Re-running your study, quickly and easily: why automated pipelines matter for research | Bennett Institute for Applied Data Science

Health data research is almost always dependent on writing complex computational code to analyse increasingly large datasets. Writing these scripts is time-consuming and challenging, but often this code is discarded at the end of the project or on completion of the final paper. Very rarely is the code ever re-run, or reused, although this has clear efficiency benefits. Furthermore this code is often written as individual scripts that must be manually executed in sequence by a person, sometimes with additional steps (such as moving files, or checking outputs) that the human must perform to deliver the final tables and graphs.

With OpenSAFELY, we set out to rationalise and automate the whole process of data curation and analysis in end-to-end pipelines. This was necessary to deliver our overarching goals around reproducibility, security and efficiency. In this blog, we present an example of how these kinds of pipelines - which run by themselves once triggered - can also help researchers re-run a complex analysis quickly and easily in order to update the study results.
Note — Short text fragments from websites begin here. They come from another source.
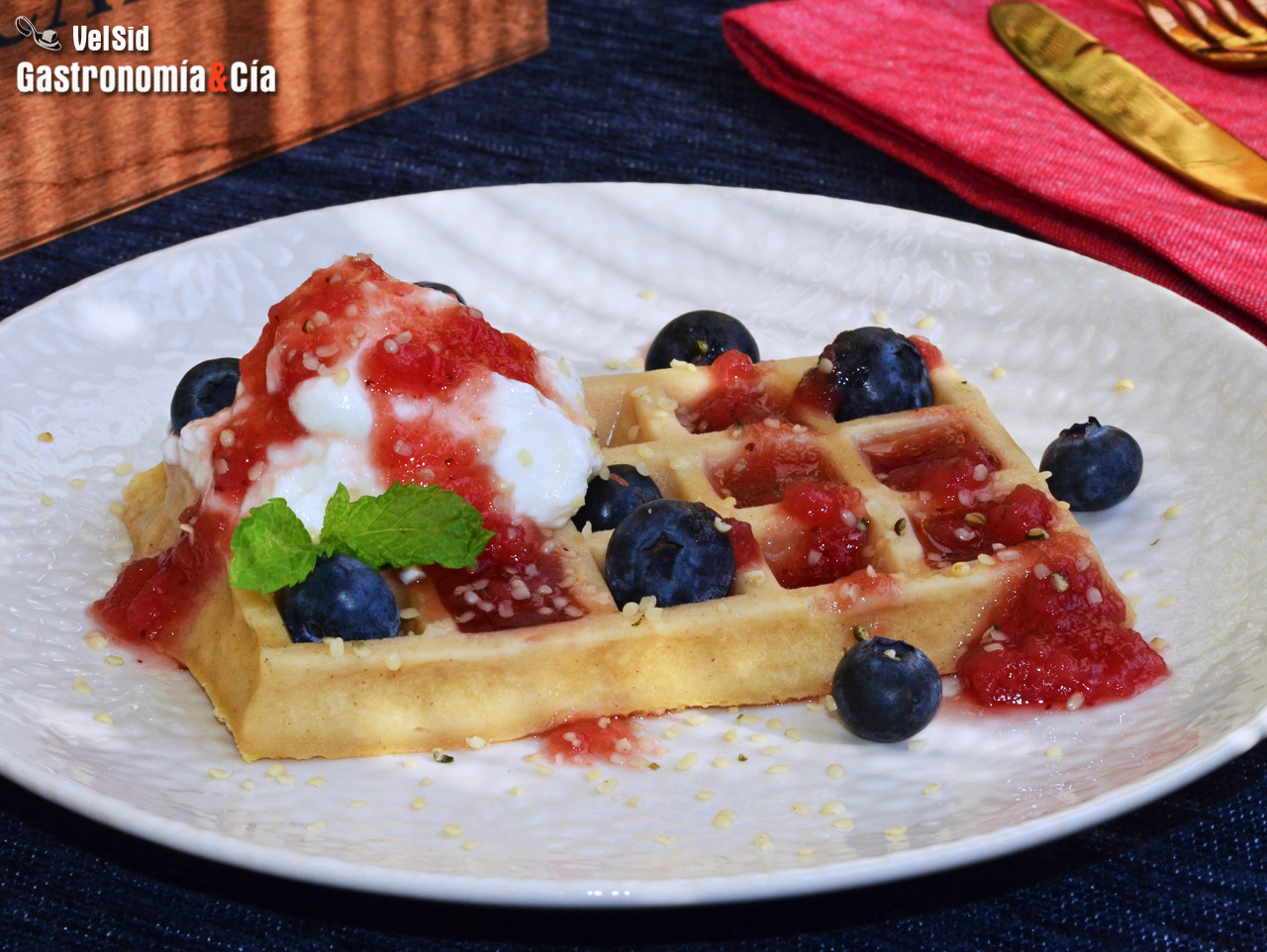 Gofres exprés de avena y almendra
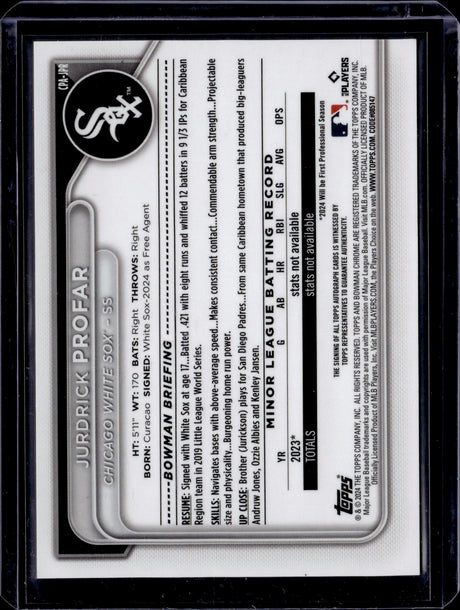 2024 Bowman Chrome Jurdrick Profar Prospect Auto Orange Shimmer /25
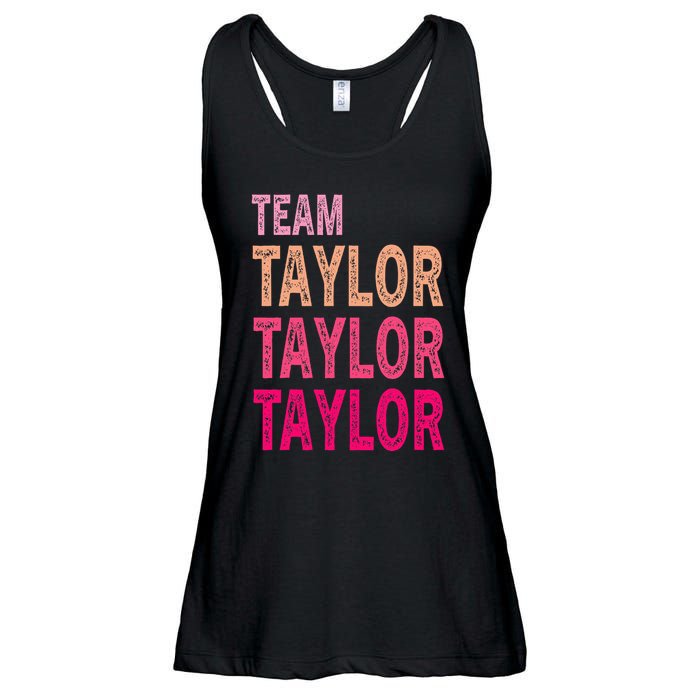 Retro T.AYLOR First Name Personalized Groovy Birthday Ladies Essential Flowy Tank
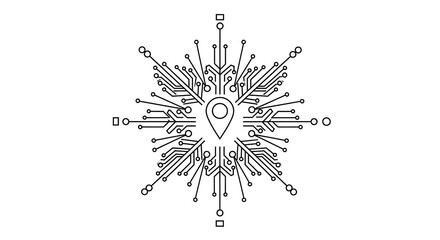 Black and white image of a map marker surrounded by circuit board like design with lines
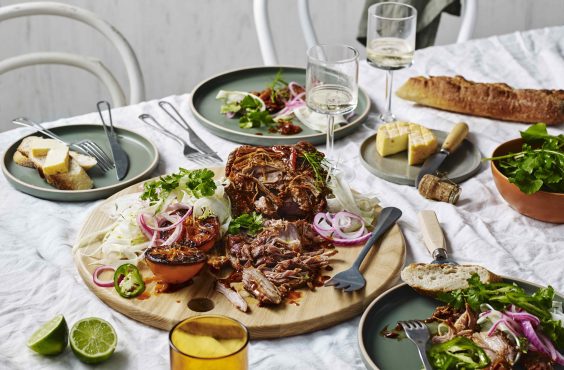 Mexican braised pork shoulder with oranges and chilli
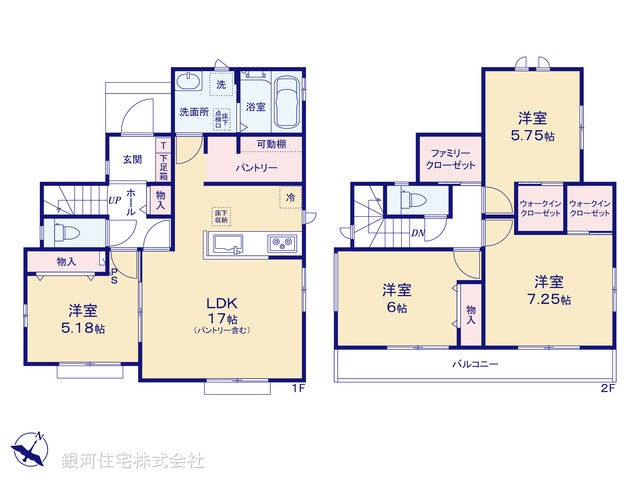G00385495 千葉県松戸市栗ヶ沢 新築一戸建て 3890万円【間取図】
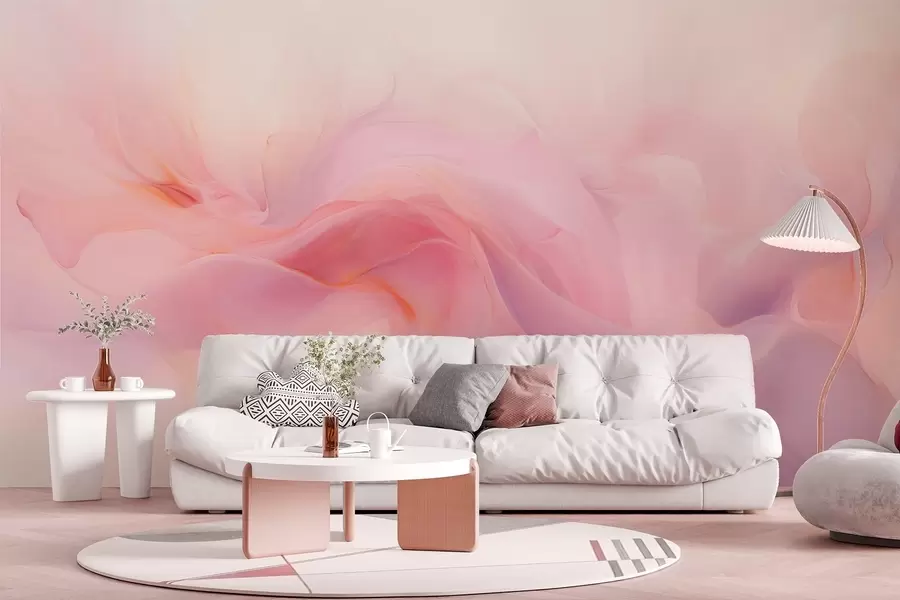 Papier peint Composition abstraite rêveuse rose et violette w09523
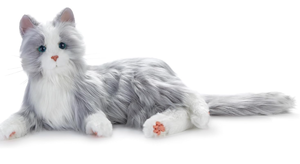 lot 27 image: JOY FOR ALL Companion Pet for Seniors - Lifelike Animatronic Cat - Realistic Soft-Touch Fur & Purring - Therapy Stuffed Animal - Toy for Alzheimers & Dementia - Silver wWhite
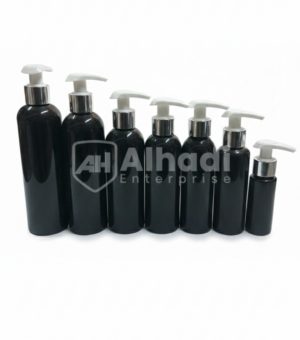 Round pump bottles with golden / silver lid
The study at hand is our BMJ paper from 2021 that looked at whether adults living with school age children had a higher (or lower) risk of COVID-19 death, hospital admission, ICU admission, or infection. We initially conceptualised the study during the late Summer months of 2020, immediately after the first wave, and the code was written then. However, the scale of the data (>17 million adults) plus the level of complexity linking primary care and secondary care data - and clustering by household - meant that we ran into some significant computational limits. This required work to improve the capacity of the OpenSAFELY platform and remove some bottlenecks, as well as adjusting our code to use less resources where possible. As this was time sensitive research, this was a coordinated cross-disciplinary effort in order to be able to complete the largest and most complex study we had run to date. The BMJ published our paper in early 2021.

Then, at the end of Summer 2021, people began to ask whether the results might have changed in the third wave.

Normally, the prospect of re-opening and re-running a huge analysis of this kind might make a research team feel weary! In this case the circumstances were very different. We had done all the coding to run the analysis - and optimised the code to run efficiently - in the first wave. In OpenSAFELY, the whole pipeline of curation and multiple analyses is defined in the “project.yaml” file that defines all the steps that must run. We made a new study repository, changed the index dates to capture the third wave, pressed the button on the job server to re-run the analysis almost a year later… and it ran without issue, but on completely updated data.

The most complicated question was a methodological and interpretative one: how to deal with the Euro championship at the end of the 3rd wave, possibly confounding our results, and account for the population-wide COVID-19 vaccination programme.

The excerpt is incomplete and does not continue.